It would appear that imitation is indeed the greatest form of flattery, especially when it comes to Halloween costume sales in an election year.
According to this article in the San Francisco Chronicle, sales of Halloween masks often mirror the popularity candidates enjoy with the public and hint at the ultimate winner of presidential elections. Spirit Halloween, one of the largest costume retailers in the U.S., says that the Obama mask is leading with 64% of the retailer’s nationwide mask sales.
Spirit Halloween’s “Presidential Index” based on mask sales has accurately predicted election winners since way back in the glory days of 1996. Nothing about this survey is scientific, of course, but PR experts know that our business has as much to do with timing and circumstance as psychology and hard science.
PR professionals are trained to extrapolate meaning and patterns from even the quirkiest of correlations and relationships. This type of data is our Mars Rover, and seeing human behavior in a new and revealing way for the first time is our ancient Martian streambed.
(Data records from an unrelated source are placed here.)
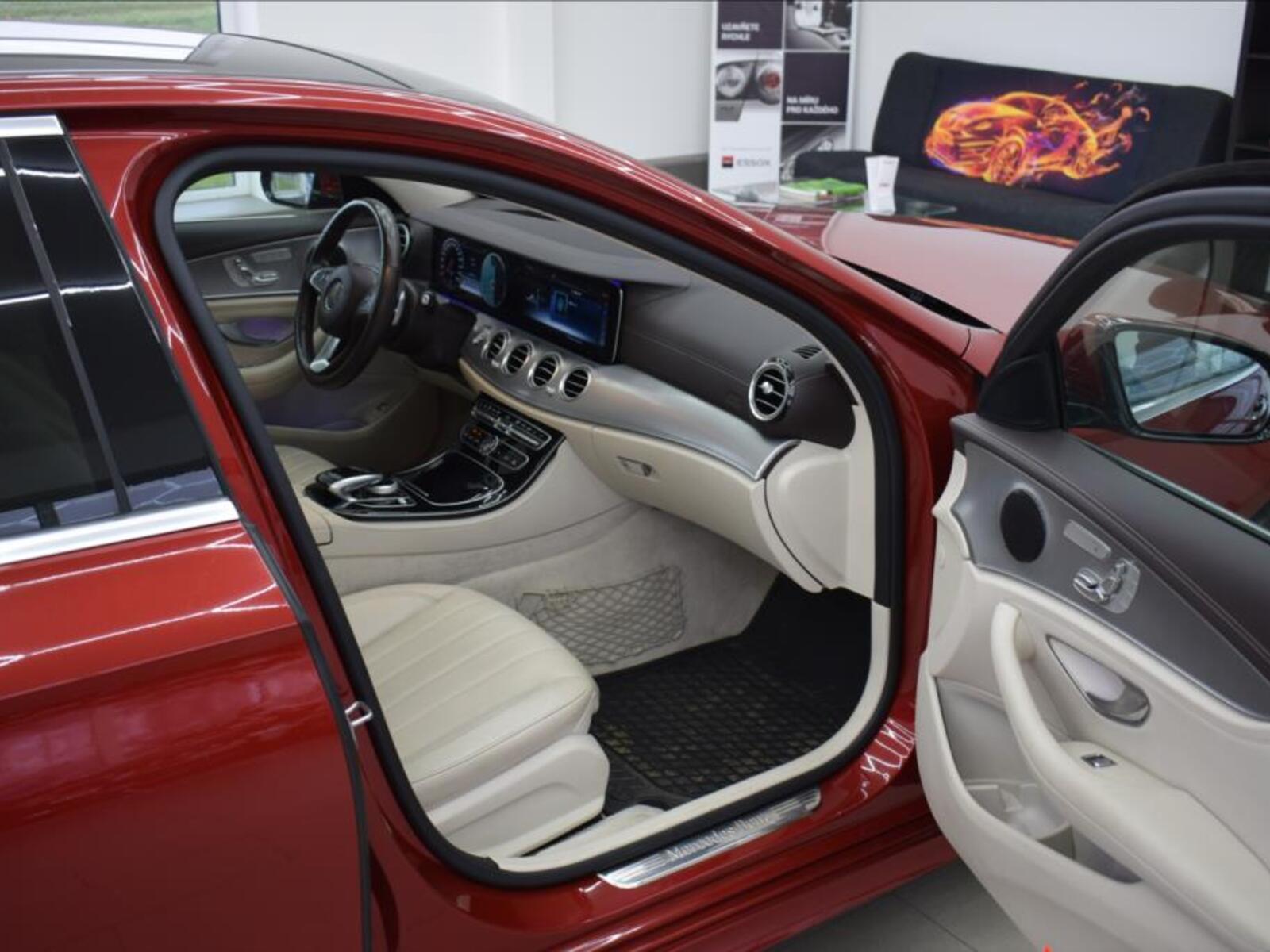 Mercedes-Benz Třídy E 15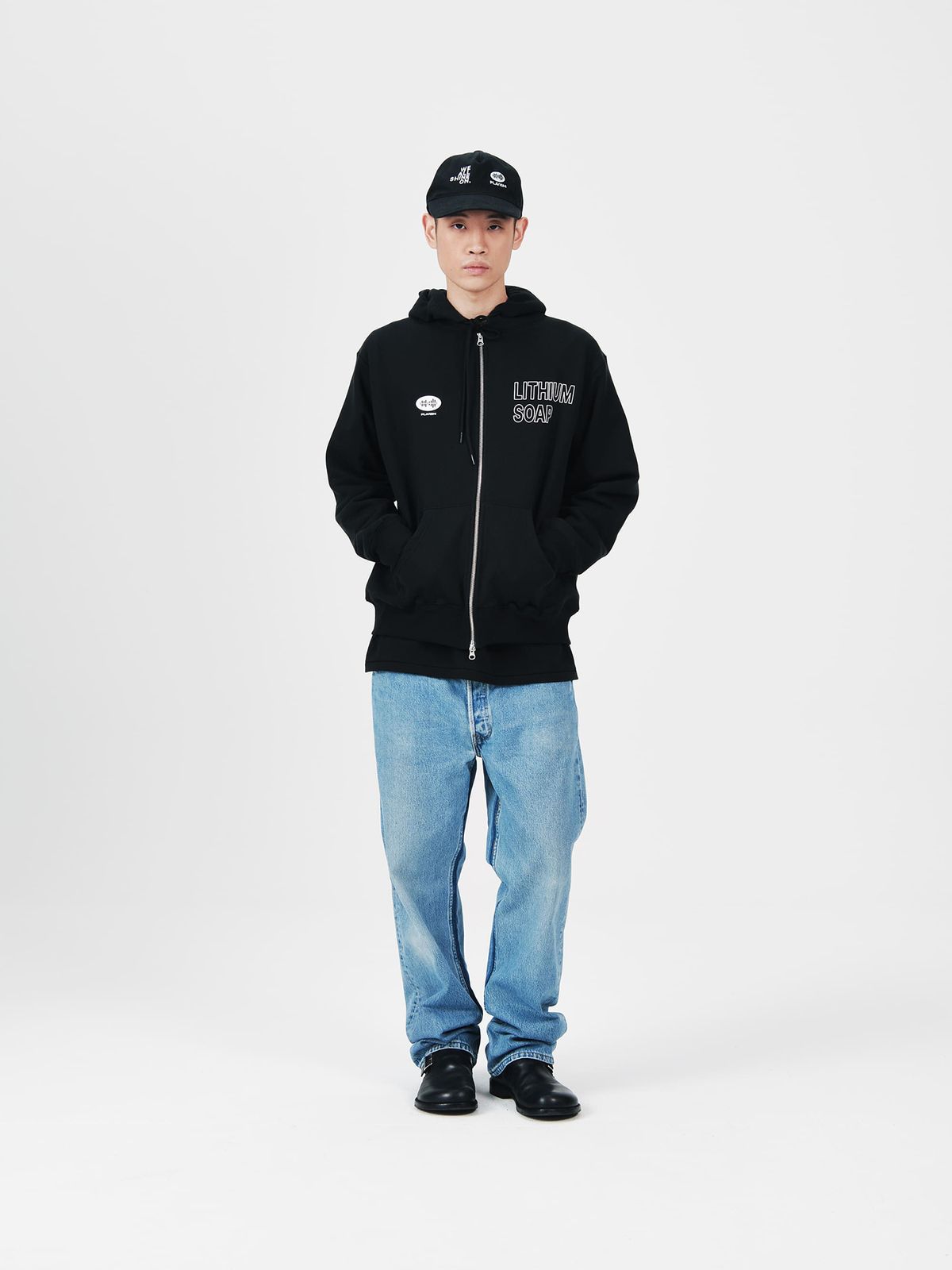 플라비즘(PLAVISM) ZIP-UP HOODIE - BLACK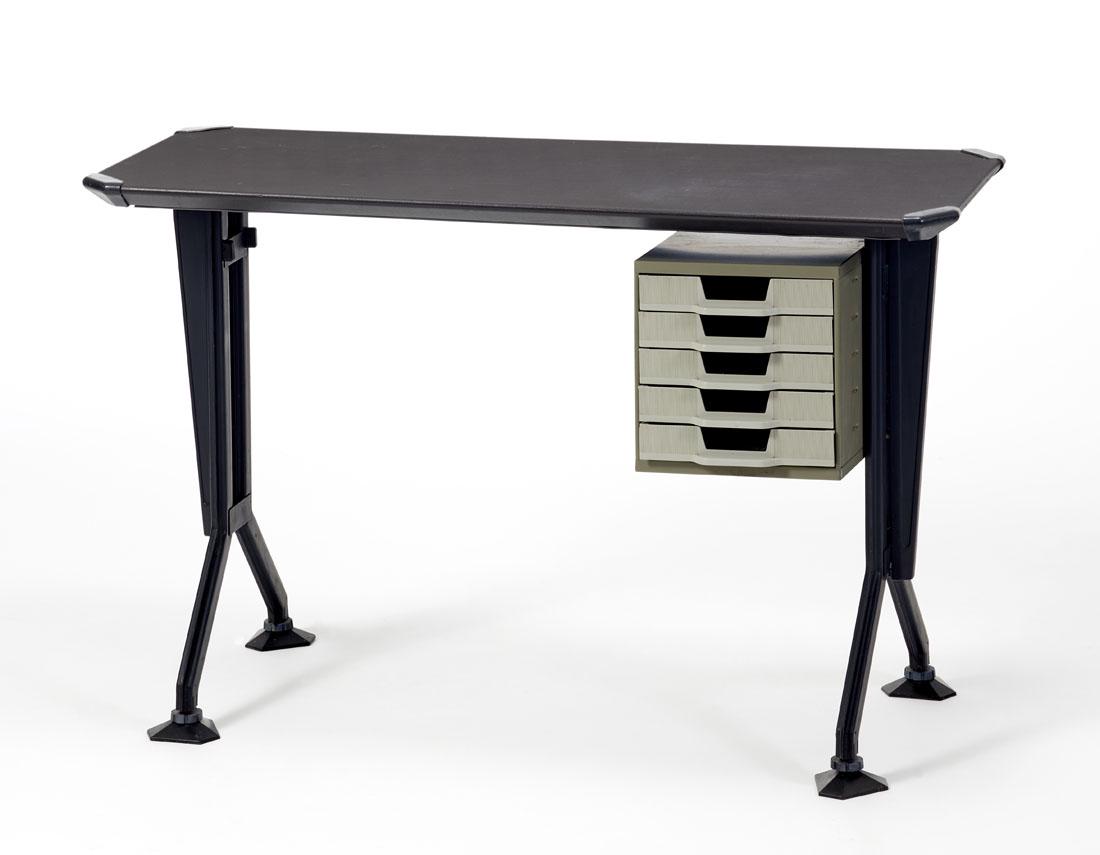 BBPR (Barbiano di Belgiojoso, Peressutti, Rogers): BBPR (Barbiano di Belgiojoso, Peressutti, Rogers) Typist's table with five side drawers of the series "Arco". Produced by Olivetti Arredamenti Metallici, Ivrea, 1950s. Black painted metal, metal top c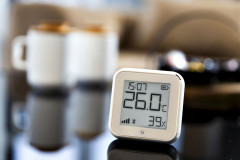 Bezdrôtový senzor vnútornej teploty a vlhkosti Shelly H&T Gen3 je kompatibilný so systémom inteligentného riadenia SMART HOME by hornbach 
(Hornbach)
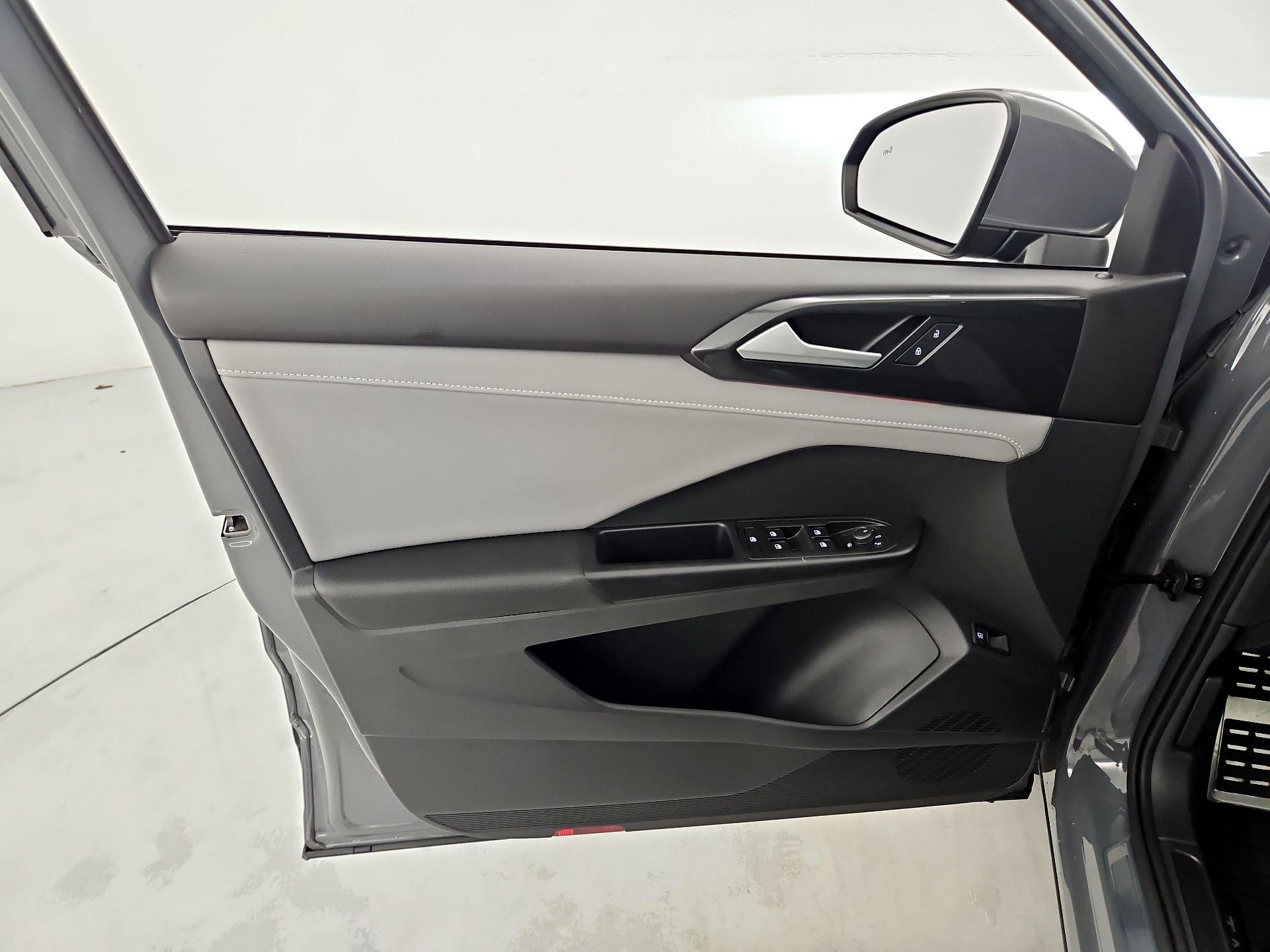 Thumbnail: 2023 Volkswagen Taos - 12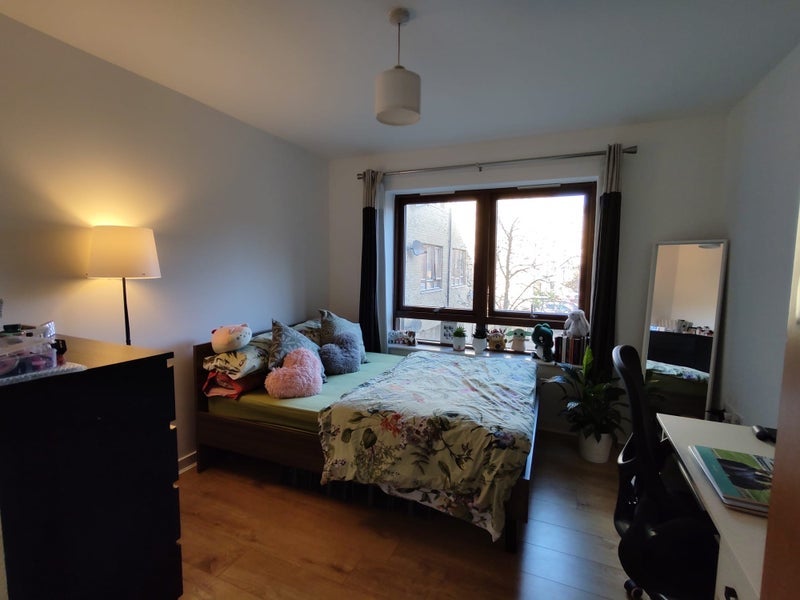 Room Barchester Street in Greater London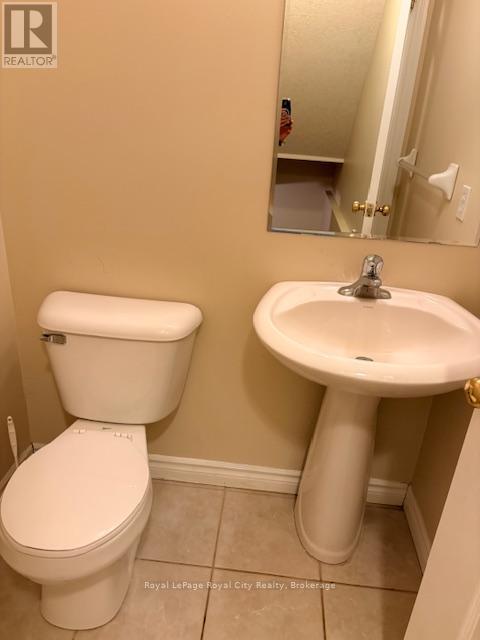 73 - 165 Terraview Crescent, Guelph (Kortright West), Ontario  N1G 5G8 - Photo 9 - X12914140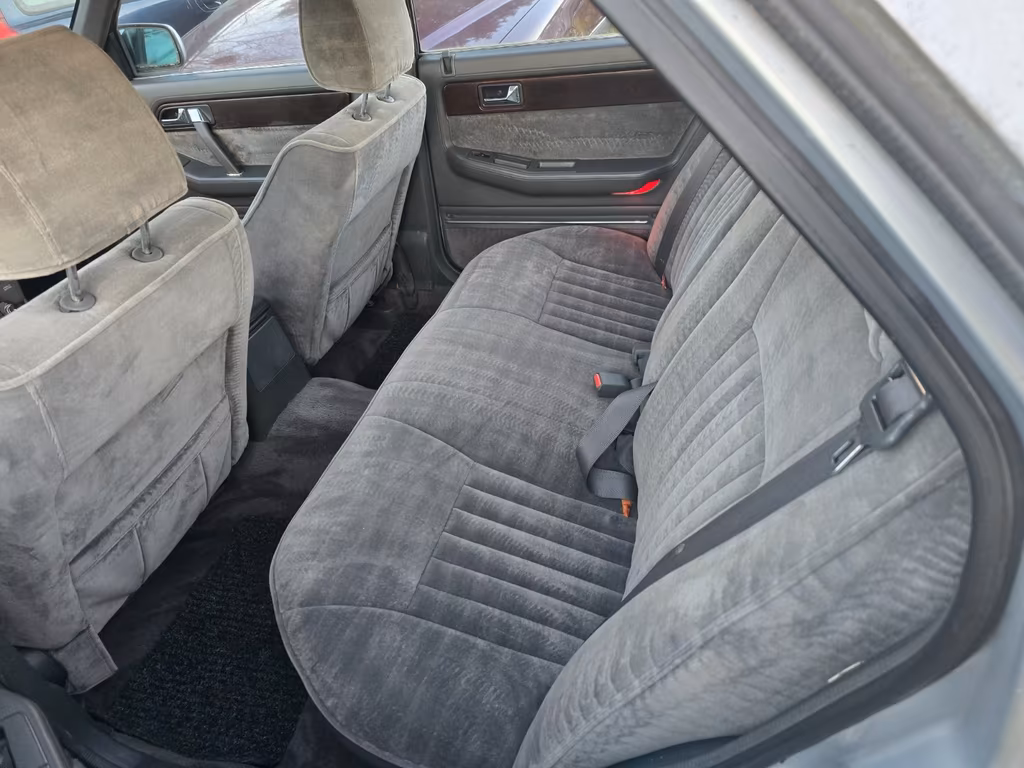 Mazda 929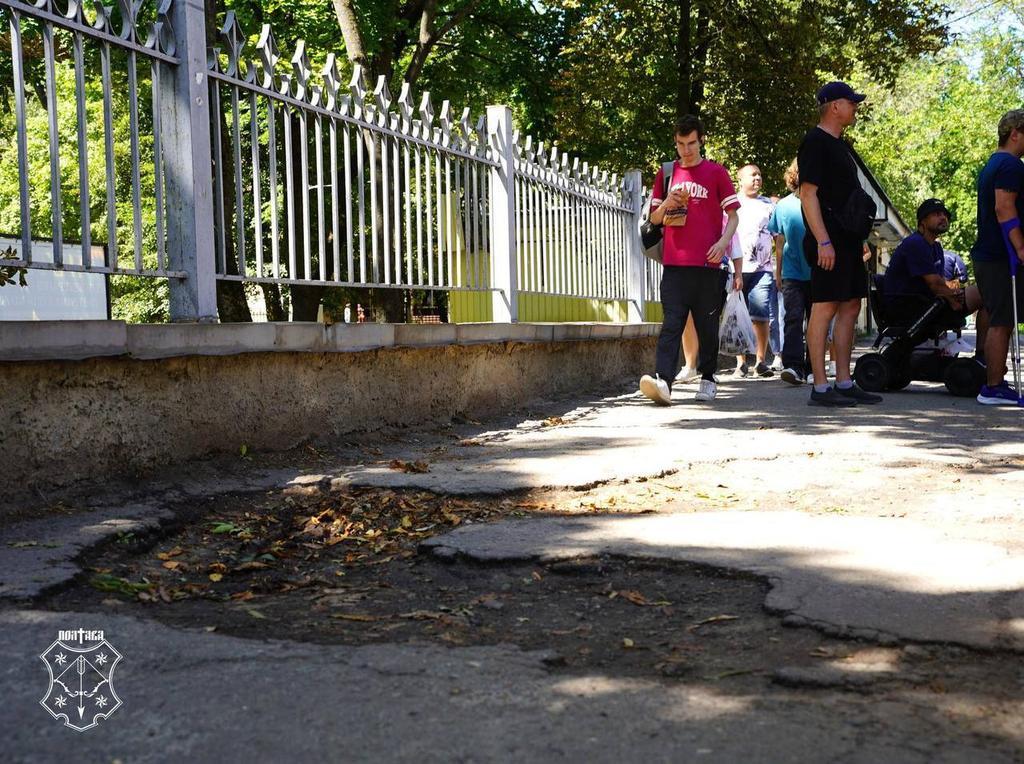 У Полтаві ремонтують тротуар до обласних лікарень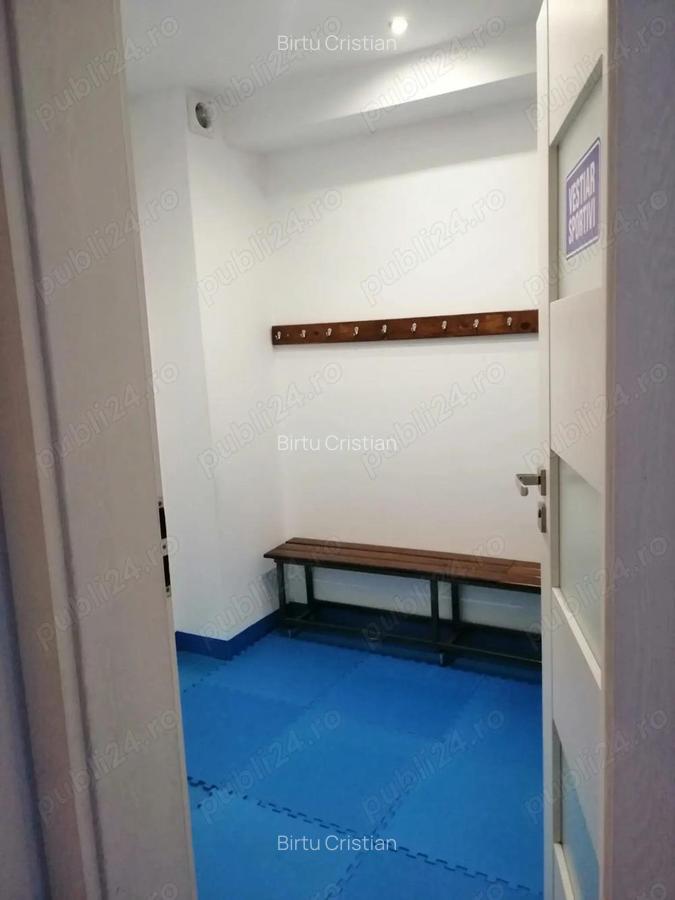 Vand spatiul comercial - 3 Vand spatiul comercial - 3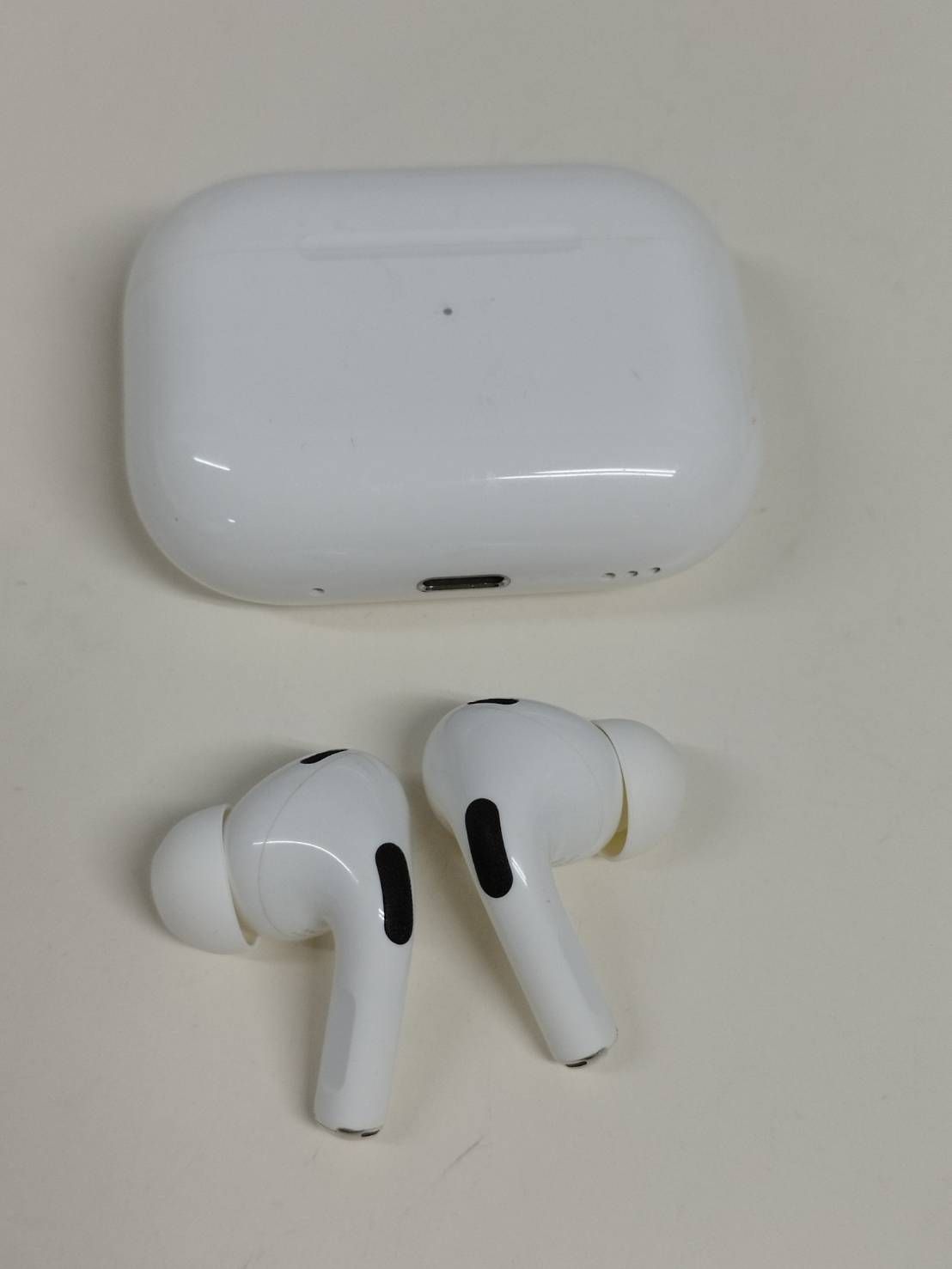 【正規品】Apple AirPods Pro 第2世代/A2700,A2698,A2699/ワイヤレスイヤホン (1)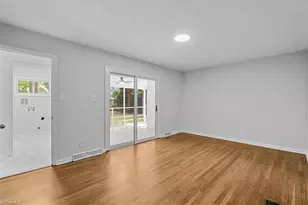 3008 W Cornwallis Dr, Greensboro, NC 27408 - Photo 28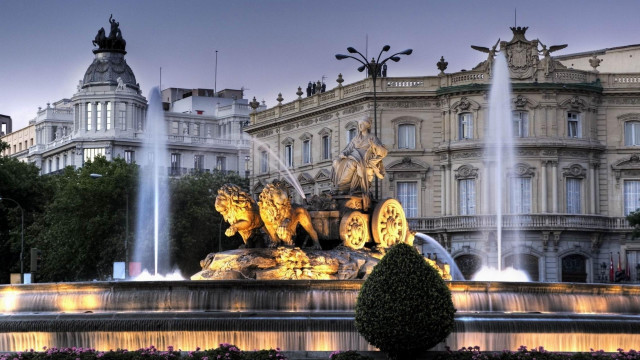 Horse fountain clocktower neoclassicism bronze free wallpaper - medium preview image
In other words, this is PR geek stuff.
Masks have been around for centuries, and there isn’t a respectable large-scale museum in the world that doesn’t have some masks in it somewhere: the ancient Aztec exhibit, the African heritage wing, the golden Egyptian death mask case–the list goes on indefinitely.
Don’t let Halloween fool you. Despite the free M&Ms and squashed pumpkins, Halloween masks are a barometer for the current state—pop, political, financial or other—of our nation’s culture. With October arriving on Monday and the election rapidly approaching, images of Obama and Romney are everywhere–and the public is reacting.
Political affiliations aside, we all only have one moment to vote. But Halloween night allows us to be the people we vote for, and many Americans will soon exercise their freedom to do so. What does this say about the American public and its relationship with politicians? Only that we want to be part of our political system and represent the people who represent us.
And that’s much healthier than wanting to be a Kardashian.